(Crawled caption data)
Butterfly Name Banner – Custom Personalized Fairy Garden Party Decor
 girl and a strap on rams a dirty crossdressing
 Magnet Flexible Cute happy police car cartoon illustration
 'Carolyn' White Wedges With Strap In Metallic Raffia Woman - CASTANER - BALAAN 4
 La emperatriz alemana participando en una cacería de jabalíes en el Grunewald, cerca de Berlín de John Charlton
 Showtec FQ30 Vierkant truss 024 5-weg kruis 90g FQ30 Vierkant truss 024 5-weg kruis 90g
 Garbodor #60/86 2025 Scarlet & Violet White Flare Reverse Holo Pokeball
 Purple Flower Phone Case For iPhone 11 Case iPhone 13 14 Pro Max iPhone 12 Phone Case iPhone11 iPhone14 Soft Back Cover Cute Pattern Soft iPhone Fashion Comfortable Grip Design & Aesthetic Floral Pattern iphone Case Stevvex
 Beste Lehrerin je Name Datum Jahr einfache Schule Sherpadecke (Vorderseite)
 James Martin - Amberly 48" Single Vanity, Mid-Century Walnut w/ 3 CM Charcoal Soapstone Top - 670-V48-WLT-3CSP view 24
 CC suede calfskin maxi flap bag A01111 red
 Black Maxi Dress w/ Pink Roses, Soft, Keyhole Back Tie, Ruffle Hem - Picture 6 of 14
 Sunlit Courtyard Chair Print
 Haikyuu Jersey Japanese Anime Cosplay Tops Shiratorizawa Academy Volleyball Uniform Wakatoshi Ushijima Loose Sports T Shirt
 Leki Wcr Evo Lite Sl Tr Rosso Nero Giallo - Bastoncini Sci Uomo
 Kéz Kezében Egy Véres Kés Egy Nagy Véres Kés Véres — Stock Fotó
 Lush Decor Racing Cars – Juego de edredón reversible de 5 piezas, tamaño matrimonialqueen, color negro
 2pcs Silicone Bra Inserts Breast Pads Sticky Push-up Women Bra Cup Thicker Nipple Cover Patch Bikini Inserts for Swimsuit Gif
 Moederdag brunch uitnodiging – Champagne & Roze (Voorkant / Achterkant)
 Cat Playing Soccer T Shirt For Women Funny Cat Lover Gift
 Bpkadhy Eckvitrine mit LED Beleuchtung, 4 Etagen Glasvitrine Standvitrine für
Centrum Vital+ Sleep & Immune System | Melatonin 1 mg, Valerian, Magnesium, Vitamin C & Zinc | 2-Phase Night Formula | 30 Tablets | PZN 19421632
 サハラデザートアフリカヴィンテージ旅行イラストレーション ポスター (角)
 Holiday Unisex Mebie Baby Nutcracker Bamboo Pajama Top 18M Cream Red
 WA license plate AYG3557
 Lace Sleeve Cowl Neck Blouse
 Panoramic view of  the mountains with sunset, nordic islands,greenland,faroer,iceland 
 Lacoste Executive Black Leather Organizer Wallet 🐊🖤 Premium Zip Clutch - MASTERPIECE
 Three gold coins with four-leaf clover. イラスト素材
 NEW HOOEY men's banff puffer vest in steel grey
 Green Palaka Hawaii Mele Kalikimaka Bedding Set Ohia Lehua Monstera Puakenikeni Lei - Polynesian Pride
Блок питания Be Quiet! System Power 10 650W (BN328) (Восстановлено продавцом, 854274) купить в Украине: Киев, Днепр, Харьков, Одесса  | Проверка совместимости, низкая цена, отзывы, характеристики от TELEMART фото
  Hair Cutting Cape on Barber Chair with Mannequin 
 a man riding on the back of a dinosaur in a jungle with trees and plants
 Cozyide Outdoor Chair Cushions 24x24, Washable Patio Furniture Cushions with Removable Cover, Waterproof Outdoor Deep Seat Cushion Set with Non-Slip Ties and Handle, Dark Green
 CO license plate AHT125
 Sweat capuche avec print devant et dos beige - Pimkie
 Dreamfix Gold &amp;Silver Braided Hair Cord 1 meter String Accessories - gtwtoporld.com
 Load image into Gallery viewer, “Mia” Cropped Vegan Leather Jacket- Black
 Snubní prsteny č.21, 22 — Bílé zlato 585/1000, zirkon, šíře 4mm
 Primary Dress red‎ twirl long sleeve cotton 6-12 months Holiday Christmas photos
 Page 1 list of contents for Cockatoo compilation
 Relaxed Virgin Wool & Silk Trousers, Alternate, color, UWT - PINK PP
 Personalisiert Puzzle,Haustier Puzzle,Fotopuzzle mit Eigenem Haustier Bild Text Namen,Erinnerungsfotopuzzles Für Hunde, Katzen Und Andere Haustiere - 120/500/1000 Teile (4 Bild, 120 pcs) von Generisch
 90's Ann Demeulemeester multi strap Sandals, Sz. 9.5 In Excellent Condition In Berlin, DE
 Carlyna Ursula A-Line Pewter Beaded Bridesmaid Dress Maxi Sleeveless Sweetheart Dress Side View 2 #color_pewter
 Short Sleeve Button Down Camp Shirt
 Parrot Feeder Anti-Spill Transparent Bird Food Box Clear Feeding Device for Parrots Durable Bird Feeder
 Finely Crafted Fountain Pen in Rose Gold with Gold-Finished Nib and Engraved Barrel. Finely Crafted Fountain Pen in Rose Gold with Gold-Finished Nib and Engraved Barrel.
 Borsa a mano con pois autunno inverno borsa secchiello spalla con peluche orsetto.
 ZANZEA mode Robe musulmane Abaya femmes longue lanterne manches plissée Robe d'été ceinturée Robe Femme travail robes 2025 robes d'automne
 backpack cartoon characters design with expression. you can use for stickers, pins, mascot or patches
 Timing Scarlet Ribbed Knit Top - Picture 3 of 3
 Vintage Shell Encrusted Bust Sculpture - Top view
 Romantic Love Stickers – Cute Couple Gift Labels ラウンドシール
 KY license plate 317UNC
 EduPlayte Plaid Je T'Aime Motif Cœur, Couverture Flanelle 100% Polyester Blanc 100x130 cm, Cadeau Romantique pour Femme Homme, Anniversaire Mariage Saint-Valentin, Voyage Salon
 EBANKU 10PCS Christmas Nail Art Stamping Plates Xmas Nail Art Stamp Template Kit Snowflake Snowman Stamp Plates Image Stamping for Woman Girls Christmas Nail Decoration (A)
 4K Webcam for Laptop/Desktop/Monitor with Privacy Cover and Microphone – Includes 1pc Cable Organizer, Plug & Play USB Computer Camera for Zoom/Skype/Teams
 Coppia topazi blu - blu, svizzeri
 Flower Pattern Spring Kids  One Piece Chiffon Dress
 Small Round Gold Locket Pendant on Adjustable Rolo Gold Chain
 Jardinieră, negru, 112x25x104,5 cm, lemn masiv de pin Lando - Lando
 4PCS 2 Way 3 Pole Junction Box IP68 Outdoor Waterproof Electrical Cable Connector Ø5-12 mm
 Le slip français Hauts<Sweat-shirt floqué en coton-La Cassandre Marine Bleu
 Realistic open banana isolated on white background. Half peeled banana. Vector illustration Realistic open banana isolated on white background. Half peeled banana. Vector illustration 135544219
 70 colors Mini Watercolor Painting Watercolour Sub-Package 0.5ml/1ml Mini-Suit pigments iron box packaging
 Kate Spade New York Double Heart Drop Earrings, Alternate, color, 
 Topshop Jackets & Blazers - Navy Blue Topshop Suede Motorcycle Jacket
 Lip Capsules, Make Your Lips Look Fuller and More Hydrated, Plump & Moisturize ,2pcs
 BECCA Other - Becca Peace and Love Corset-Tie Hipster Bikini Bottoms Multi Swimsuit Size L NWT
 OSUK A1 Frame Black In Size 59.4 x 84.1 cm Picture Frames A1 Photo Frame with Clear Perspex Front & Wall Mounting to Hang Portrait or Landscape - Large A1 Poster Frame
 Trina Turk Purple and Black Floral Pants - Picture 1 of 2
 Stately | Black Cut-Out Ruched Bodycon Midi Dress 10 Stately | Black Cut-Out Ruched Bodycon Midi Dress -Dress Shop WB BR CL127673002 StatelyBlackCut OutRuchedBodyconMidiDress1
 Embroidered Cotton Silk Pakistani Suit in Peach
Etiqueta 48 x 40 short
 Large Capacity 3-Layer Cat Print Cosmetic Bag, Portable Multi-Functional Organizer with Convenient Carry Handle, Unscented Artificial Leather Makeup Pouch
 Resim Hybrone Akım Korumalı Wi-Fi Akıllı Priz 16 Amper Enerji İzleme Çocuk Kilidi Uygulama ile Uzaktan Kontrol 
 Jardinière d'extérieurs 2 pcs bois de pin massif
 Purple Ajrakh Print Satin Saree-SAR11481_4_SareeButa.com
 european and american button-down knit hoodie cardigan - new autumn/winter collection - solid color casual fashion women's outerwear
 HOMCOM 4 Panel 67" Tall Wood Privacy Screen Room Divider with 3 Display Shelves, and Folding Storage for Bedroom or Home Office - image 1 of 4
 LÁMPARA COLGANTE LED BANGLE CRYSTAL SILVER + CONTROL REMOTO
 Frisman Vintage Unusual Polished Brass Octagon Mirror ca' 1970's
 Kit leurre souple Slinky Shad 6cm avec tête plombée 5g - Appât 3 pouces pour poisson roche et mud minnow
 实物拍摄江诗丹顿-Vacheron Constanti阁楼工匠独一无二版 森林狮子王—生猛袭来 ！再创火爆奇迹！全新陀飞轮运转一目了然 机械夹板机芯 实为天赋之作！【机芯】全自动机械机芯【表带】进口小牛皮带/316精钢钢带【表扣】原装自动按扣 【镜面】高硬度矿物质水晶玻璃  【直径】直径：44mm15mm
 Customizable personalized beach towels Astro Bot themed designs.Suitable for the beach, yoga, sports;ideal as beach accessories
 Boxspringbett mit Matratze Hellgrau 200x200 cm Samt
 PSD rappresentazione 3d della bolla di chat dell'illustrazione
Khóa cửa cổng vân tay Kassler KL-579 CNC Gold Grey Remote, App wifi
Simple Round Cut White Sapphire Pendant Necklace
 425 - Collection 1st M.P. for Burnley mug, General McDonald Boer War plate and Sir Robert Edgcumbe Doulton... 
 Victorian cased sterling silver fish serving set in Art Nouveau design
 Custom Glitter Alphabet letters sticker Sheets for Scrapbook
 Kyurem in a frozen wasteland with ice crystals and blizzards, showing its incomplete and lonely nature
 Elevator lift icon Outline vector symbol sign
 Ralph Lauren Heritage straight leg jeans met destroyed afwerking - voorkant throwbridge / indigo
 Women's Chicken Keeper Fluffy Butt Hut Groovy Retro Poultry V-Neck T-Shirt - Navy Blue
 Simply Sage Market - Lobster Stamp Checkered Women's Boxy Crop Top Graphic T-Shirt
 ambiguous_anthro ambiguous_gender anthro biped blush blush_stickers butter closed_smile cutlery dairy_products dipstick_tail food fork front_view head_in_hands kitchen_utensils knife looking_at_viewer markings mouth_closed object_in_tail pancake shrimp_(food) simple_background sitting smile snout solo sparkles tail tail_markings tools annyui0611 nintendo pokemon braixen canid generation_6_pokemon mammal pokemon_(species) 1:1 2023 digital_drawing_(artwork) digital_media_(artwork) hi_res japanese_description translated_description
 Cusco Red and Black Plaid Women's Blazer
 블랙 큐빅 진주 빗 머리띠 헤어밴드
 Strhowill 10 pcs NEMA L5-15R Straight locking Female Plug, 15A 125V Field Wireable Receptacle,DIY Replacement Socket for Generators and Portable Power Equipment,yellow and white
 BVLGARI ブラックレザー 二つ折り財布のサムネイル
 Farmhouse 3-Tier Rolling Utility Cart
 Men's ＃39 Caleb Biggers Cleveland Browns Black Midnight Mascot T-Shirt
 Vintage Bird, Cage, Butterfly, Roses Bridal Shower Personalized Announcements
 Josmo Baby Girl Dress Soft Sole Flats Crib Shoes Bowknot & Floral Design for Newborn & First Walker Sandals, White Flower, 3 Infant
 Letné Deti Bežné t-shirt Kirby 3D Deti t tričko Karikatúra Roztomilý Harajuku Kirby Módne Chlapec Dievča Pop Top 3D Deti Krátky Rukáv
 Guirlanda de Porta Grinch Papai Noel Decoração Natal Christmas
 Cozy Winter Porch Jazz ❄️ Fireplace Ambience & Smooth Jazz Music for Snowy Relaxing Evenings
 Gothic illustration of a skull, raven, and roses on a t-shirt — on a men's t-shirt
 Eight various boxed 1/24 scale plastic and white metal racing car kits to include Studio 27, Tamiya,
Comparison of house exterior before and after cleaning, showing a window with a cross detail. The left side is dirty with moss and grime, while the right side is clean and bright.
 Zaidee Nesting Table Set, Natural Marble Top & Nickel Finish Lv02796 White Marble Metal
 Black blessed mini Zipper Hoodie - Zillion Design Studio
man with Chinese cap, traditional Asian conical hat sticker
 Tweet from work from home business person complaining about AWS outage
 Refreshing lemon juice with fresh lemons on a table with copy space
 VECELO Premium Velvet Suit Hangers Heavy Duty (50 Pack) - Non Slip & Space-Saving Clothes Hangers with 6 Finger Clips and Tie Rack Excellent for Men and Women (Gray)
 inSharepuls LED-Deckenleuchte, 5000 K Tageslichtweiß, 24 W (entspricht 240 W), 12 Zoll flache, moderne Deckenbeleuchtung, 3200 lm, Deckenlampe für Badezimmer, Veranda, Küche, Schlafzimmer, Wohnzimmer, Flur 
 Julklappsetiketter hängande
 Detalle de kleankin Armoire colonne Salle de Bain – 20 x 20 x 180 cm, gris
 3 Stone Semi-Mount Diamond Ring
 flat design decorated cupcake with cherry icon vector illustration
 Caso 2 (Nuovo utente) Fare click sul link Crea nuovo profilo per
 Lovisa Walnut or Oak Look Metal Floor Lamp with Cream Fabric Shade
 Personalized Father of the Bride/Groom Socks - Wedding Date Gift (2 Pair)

# What to do:
Look above for the line containing "Leki Wcr Evo" and the line containing "Panoramic view of". Transcribe both, with the lines between them, exactly.

# Written response:
 Leki Wcr Evo Lite Sl Tr Rosso Nero Giallo - Bastoncini Sci Uomo
 Kéz Kezében Egy Véres Kés Egy Nagy Véres Kés Véres — Stock Fotó
 Lush Decor Racing Cars – Juego de edredón reversible de 5 piezas, tamaño matrimonialqueen, color negro
 2pcs Silicone Bra Inserts Breast Pads Sticky Push-up Women Bra Cup Thicker Nipple Cover Patch Bikini Inserts for Swimsuit Gif
 Moederdag brunch uitnodiging – Champagne & Roze (Voorkant / Achterkant)
 Cat Playing Soccer T Shirt For Women Funny Cat Lover Gift
 Bpkadhy Eckvitrine mit LED Beleuchtung, 4 Etagen Glasvitrine Standvitrine für
Centrum Vital+ Sleep & Immune System | Melatonin 1 mg, Valerian, Magnesium, Vitamin C & Zinc | 2-Phase Night Formula | 30 Tablets | PZN 19421632
 サハラデザートアフリカヴィンテージ旅行イラストレーション ポスター (角)
 Holiday Unisex Mebie Baby Nutcracker Bamboo Pajama Top 18M Cream Red
 WA license plate AYG3557
 Lace Sleeve Cowl Neck Blouse
 Panoramic view of  the mountains with sunset, nordic islands,greenland,faroer,iceland 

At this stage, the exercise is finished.